Now, the PhD research project led by Dr. Dana Faingold may open the door for very promising new treatment options for this pathology. Her first article was featured on the cover of the February 2008 issue of Clinical Cancer Research.
“The first step in developing a medication is to determine the precise target of action,” explained Dana Faingold. “In this study, we have shown that to effectively fight this malignant tumour in the vascular network of the eye, we had to target Heat Shock Protein 90 (HSP90).”
HSP90 is already a therapeutic target in many other types of cancer. In fact, this protein, which is called a “chaperone” because it guides the actions of other proteins, is at the centre of many metabolic pathways. By disrupting HSP90’s functioning, it is possible to affect multiple steps in cell metabolism, for example, signalling pathways, cell cycle regulation pathways, or growth hormone receptors. This blocks many vital cellular functions, so the cancer cells become unable to reproduce and the tumour regresses.

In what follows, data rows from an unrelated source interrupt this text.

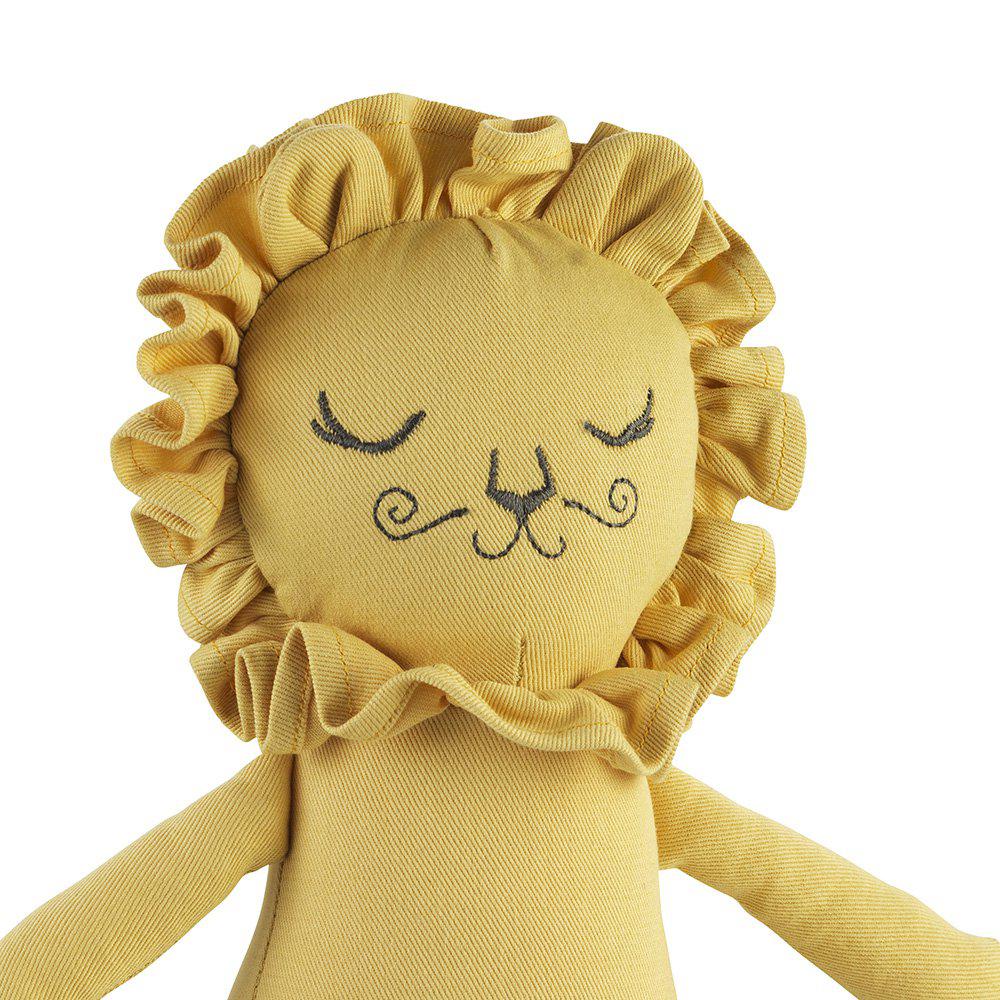 Bambola di stoffa color miele con viso da leoncino con criniera. Dettaglio del viso.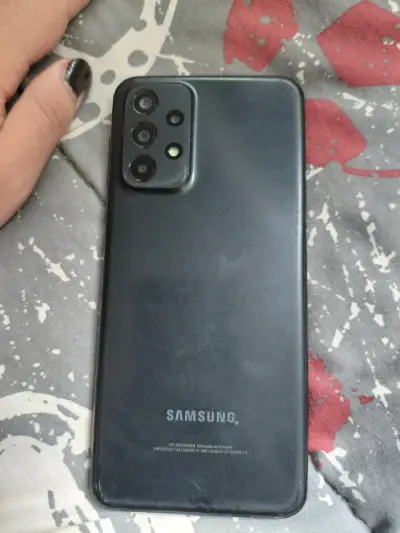 Samsung Galaxy A23 en buen estado - miniatura 1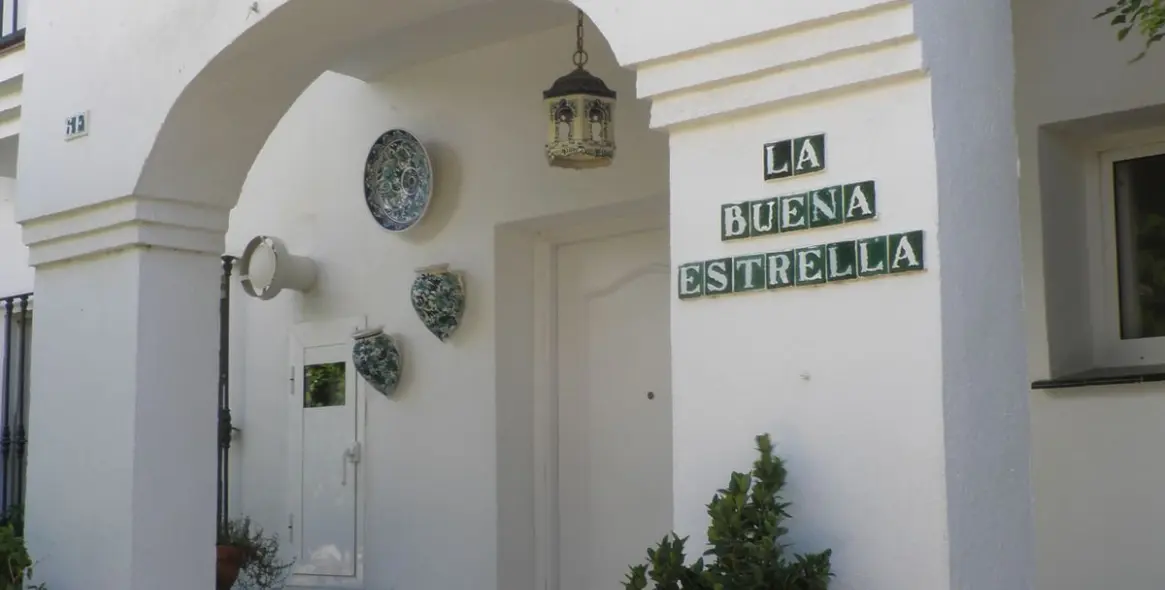 Sale of townhouse in Estepona 3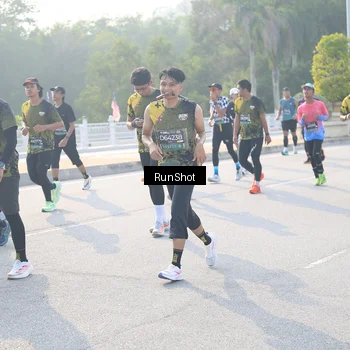 Runner Photo 6887371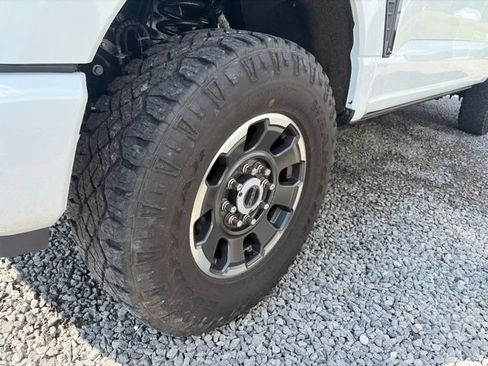Used 2023 Ford F250 XLT w/ Tremor Off-Road Package AWD/4WD image 4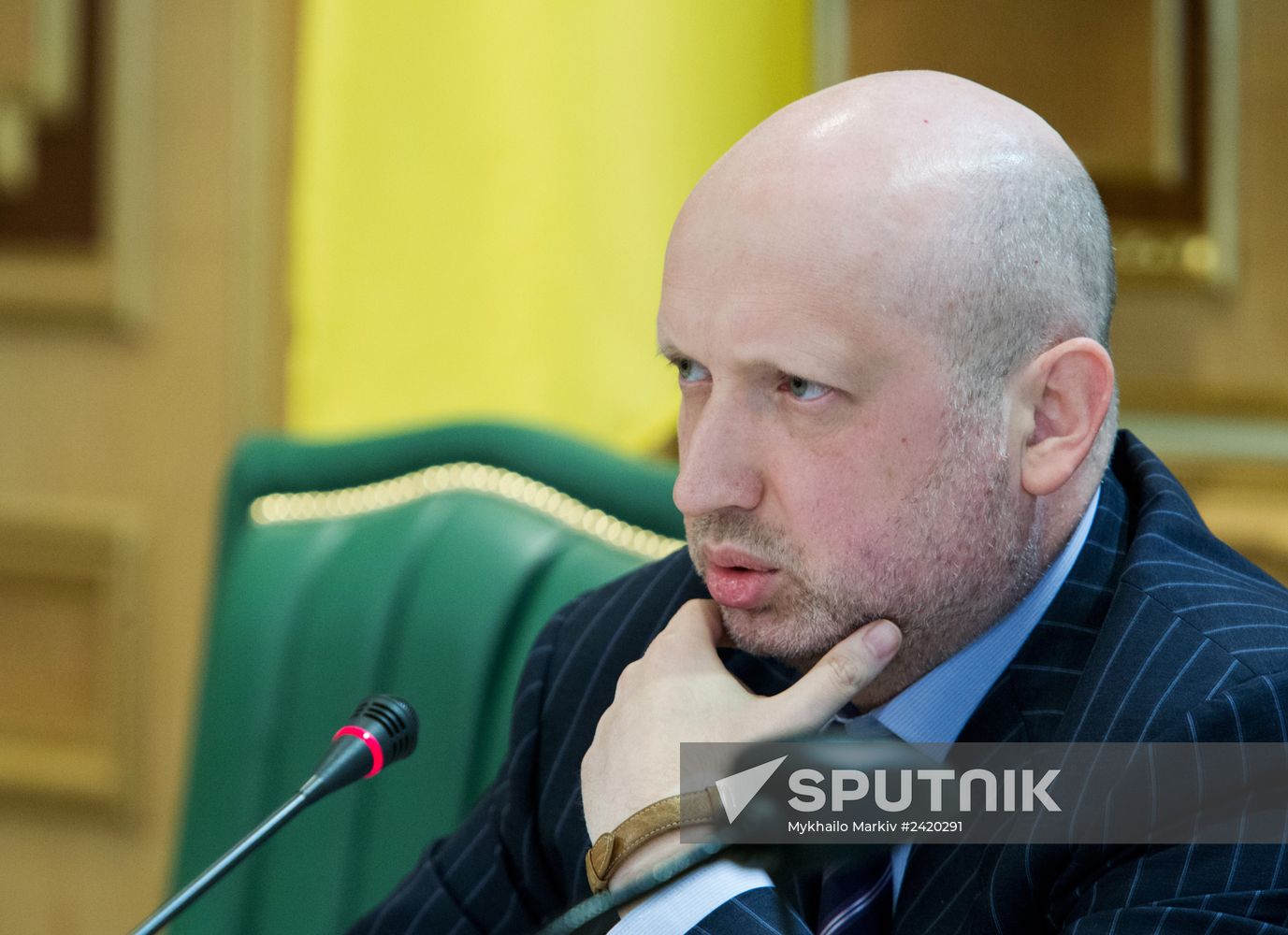 Oleksandr Turchynov holds meeting in Kiev with heads of regions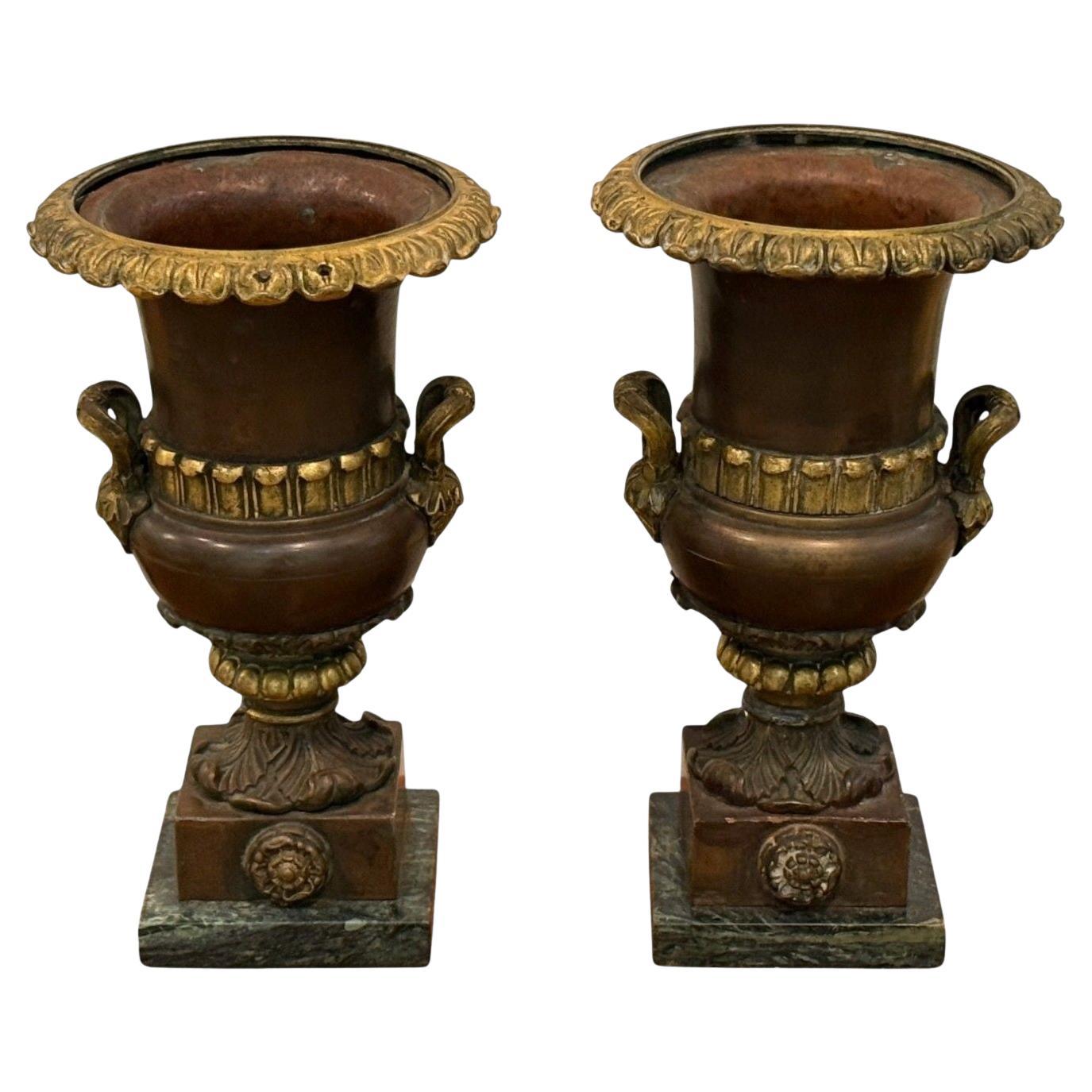 Neoklassisch, Bronze, Marmor, Tischurnen, Frankreich, 1920er Jahre im Angebot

Clinical trials are currently being conducted to determine the effectiveness of an antibiotic called 17/AAG, an HSP90 inhibitor, against malignant tumours of the skin, breast and in patients with multiple cancers. However, no one has yet studied this inhibitor’s effect on ocular melanoma. “This is a pre-clinical study, which means we are examining in-vitro cell lines. Our results clearly prove not only that HSP90 is largely overexpressed in this type of tumour but also that the 17/AAG molecule is effective at reducing the growth of these tumoral cells,” said Dana Faingold.
Several clinical trial stages will have to be completed before 17/AAG can be recognized as a possible treatment for melanoma of the eye. The first stage, which should begin shortly, aims at proving the effectiveness of the molecule in an animal model. This in vivo confirmation is necessary before testing for human treatment can begin.
Isabelle Kling | EurekAlert!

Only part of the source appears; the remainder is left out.